# Instructions to follow
Would you retype the line that contains "Caffè Donna Regina" and all lines following it to the end of the entries below, exactly and without pictures?

### Data to use ###

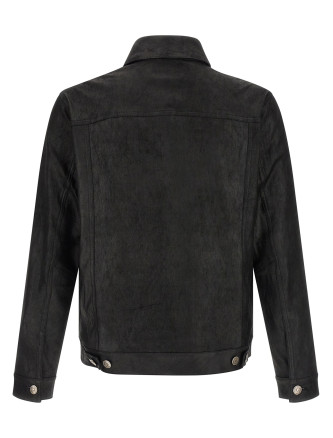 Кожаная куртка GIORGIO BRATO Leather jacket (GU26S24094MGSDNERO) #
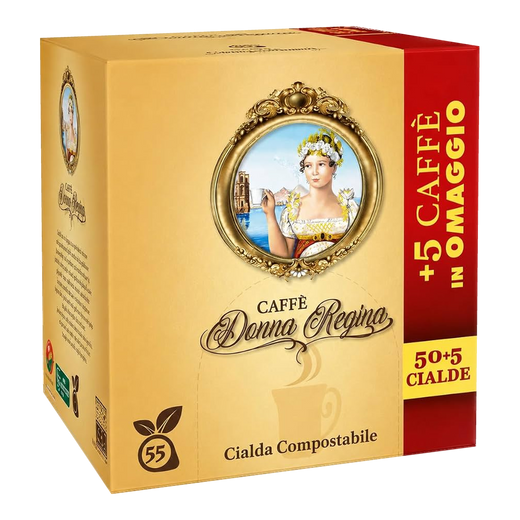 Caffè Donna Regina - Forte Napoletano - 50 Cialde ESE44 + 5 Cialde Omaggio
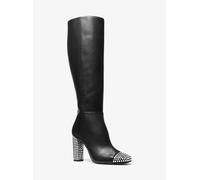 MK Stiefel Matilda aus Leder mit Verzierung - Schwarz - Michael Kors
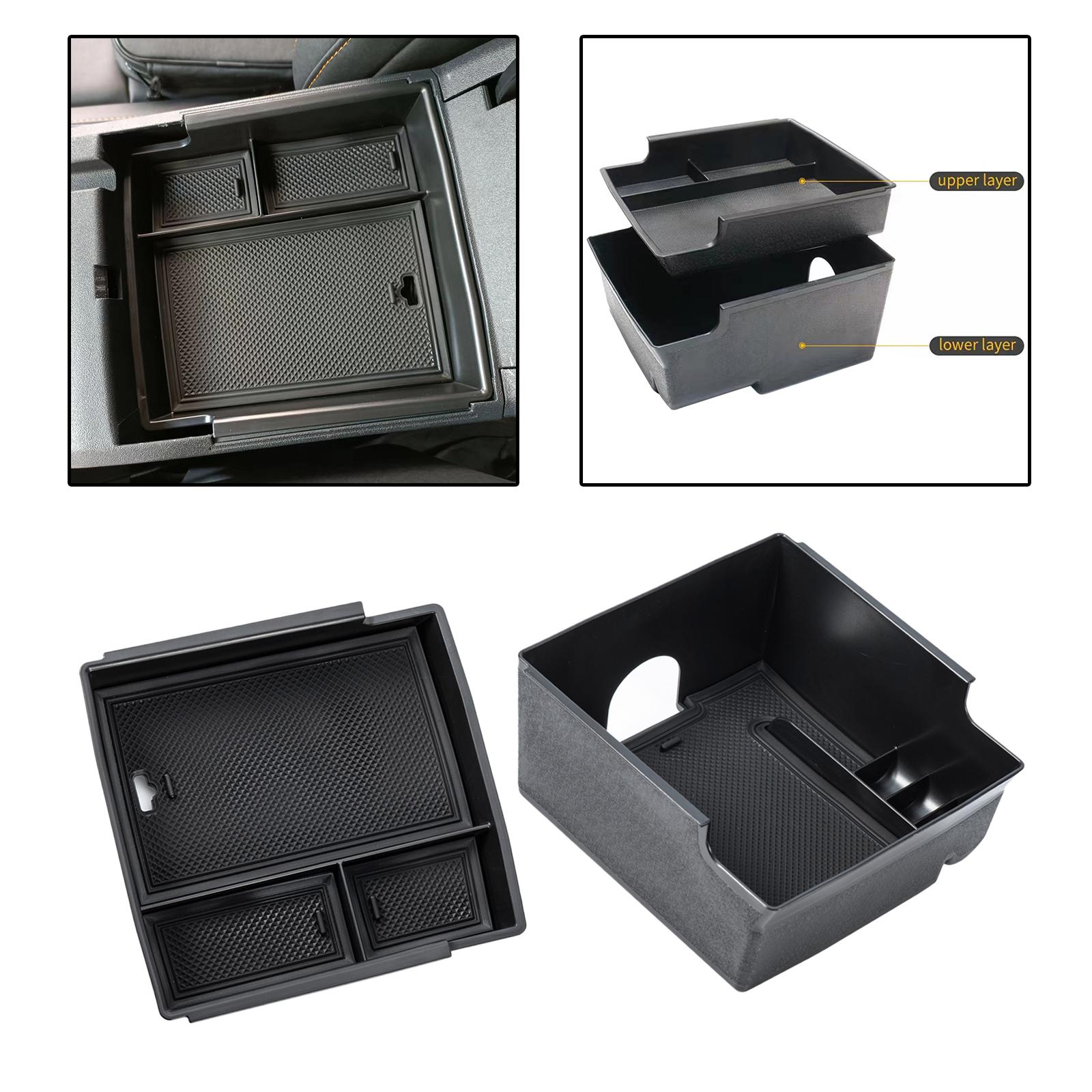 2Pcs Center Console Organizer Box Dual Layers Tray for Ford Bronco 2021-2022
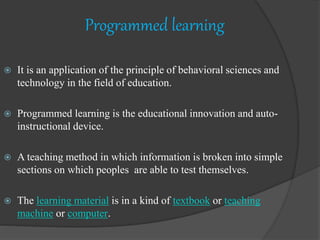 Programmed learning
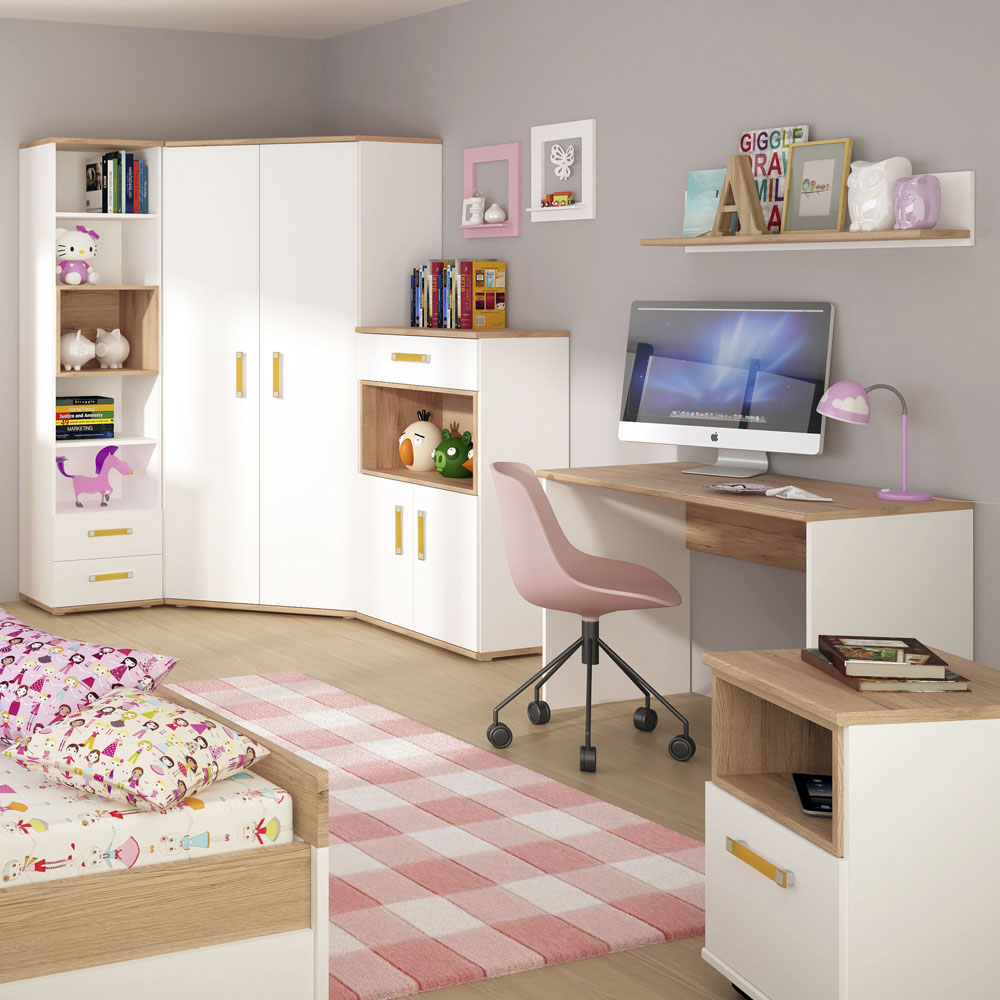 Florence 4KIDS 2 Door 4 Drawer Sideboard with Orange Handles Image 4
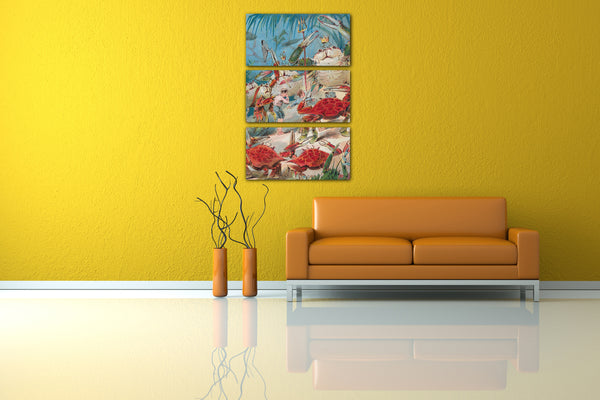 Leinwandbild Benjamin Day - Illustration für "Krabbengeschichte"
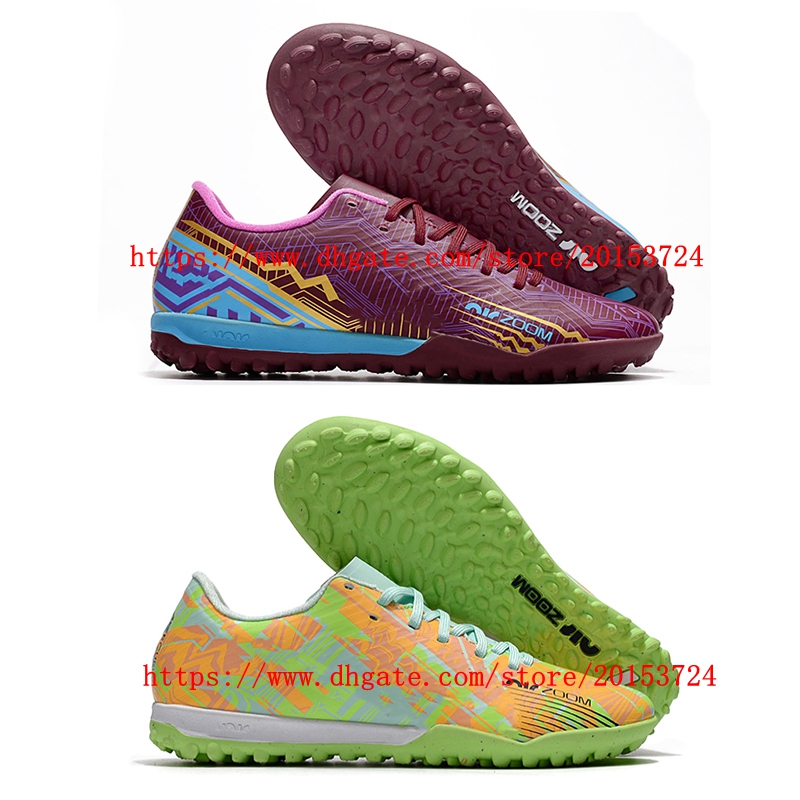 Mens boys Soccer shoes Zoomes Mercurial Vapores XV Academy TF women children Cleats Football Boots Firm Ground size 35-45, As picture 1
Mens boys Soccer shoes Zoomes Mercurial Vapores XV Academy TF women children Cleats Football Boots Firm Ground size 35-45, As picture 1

###

# Reply
 Caffè Donna Regina - Forte Napoletano - 50 Cialde ESE44 + 5 Cialde Omaggio
 MK Stiefel Matilda aus Leder mit Verzierung - Schwarz - Michael Kors
 2Pcs Center Console Organizer Box Dual Layers Tray for Ford Bronco 2021-2022
 Programmed learning
 Florence 4KIDS 2 Door 4 Drawer Sideboard with Orange Handles Image 4
 Leinwandbild Benjamin Day - Illustration für "Krabbengeschichte"
 Mens boys Soccer shoes Zoomes Mercurial Vapores XV Academy TF women children Cleats Football Boots Firm Ground size 35-45, As picture 1
Mens boys Soccer shoes Zoomes Mercurial Vapores XV Academy TF women children Cleats Football Boots Firm Ground size 35-45, As picture 1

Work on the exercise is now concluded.